Oil company mega-profits are being made at the expense of the public purse, as youth centres shut, hospitals struggle and the queues at food banks grow. Companies like BP & Shell receive major government support including direct subsidies and military and diplomatic services, but seem to pay very small amounts of UK tax in comparison to their global profits. At a time of both public service cutbacks and record-breaking profit-making by oil companies, this briefing attempts to bring to light these transfers of wealth from the public to the private sector, including:
1. Corporation tax avoidance. Shell, BP and Tullow all use similar tactics to avoid paying tax. While we have see the global profits of UK oil companies increase greatly in the last decade, the amount of corporation tax they pay in the UK seems to rise only marginally, or in some cases, even falls. Oil companies can avoid paying tax by minimising the amount of profit that passes through the company’s UK books, routing it through an international network of subsidiaries instead.
2. Tax breaks for North Sea oil and gas and (potentially) shale gas. George Osborne handed hundreds of millions of pounds in tax breaks to oil companies responsible for 80% of recent North Sea oil and gas projects . Similar tax handouts are expected for fracking (hydraulic fracturing) enterprises.

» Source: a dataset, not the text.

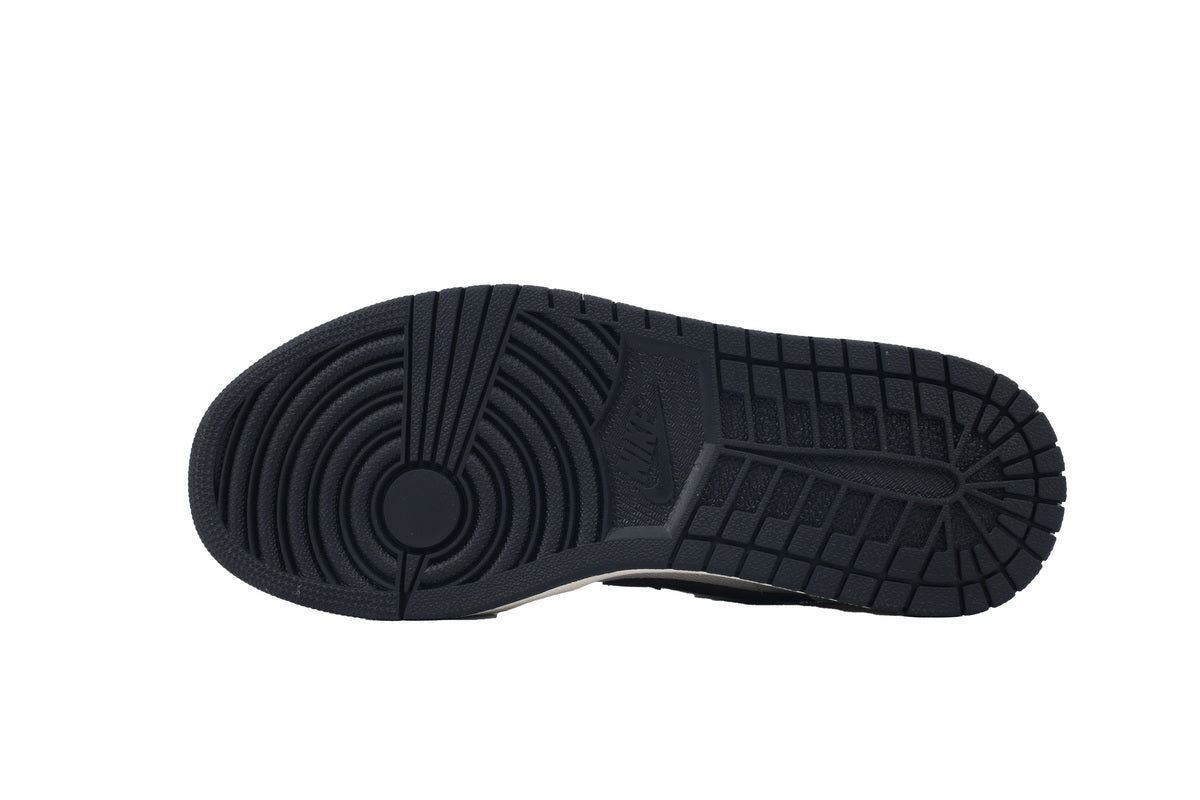 Nike Air Jordan 1 Retro Low Low-Top Sneakers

3. External political and military support. At least four UK government departments provide unconditional business support to oil companies, including military convoys, lobbying and intelligence-gathering, with the frequent involvement of ministers and high-level civil servants. While hard to quantify, the cost of just one diplomat in the UK consulate in Basra was £2mn per year.
4. Equity finance. The UK provides financial support to oil extraction and transportation abroad on preferential terms via the Export Credit Guarantee Department as well as International Financial Institutions (EBRD, European Investment Bank, World Bank Group)

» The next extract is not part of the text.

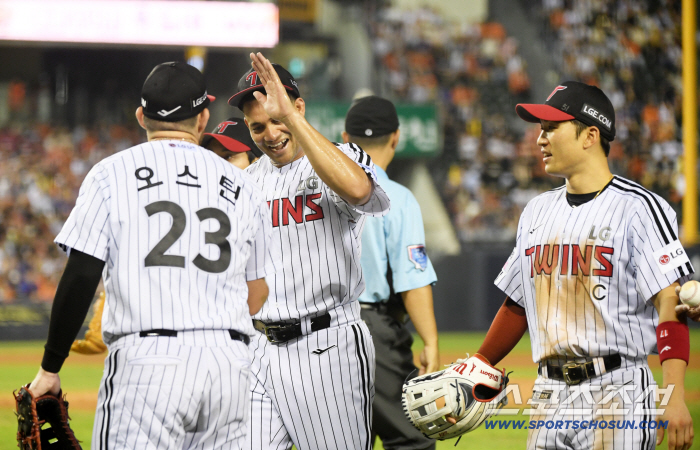 I'm glad you sent 13 wins to foreigners. Three wins in the second half of the year, ERA 2.55, previews increased concentration to prove big game features by allowing one run in seven innings in KS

International oil companies channel their cashflows through networks of subsidiaries, many in high secrecy offshore jurisdictions. BP and Shell are particularly committed to tax havens, with more tax-dodging subsidiaries than their competitors: 605 and 523 high-secrecy subsidiaries respectively. IOCs can also play off governments against each other, exploit international legal mechanisms (Tullow in Uganda), and local loopholes (BP in Turkey) to avoid paying tax.

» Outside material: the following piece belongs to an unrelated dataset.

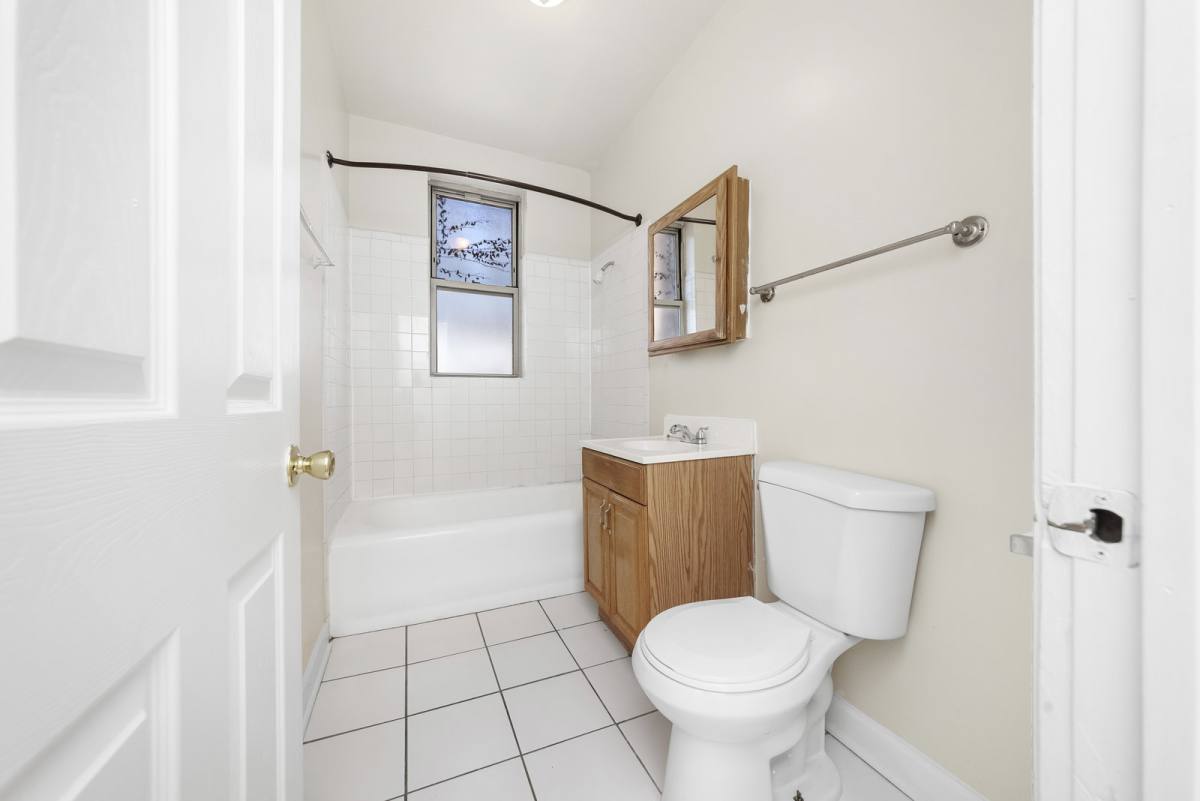 Apartment for rent at 550 W Aldine Ave #GDNR, Chicago, IL 60657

Rather than providing fossil fuel companies with the financial incentives and political support to pursue ever more dangerous drilling, the UK government should prioritise the public well-being over the profits of these vast oil corporations – by properly taxing them. The first step towards phasing out UK fossil fuel subsidies would be transparency: open government reporting that tracks and quantifies the subsidies.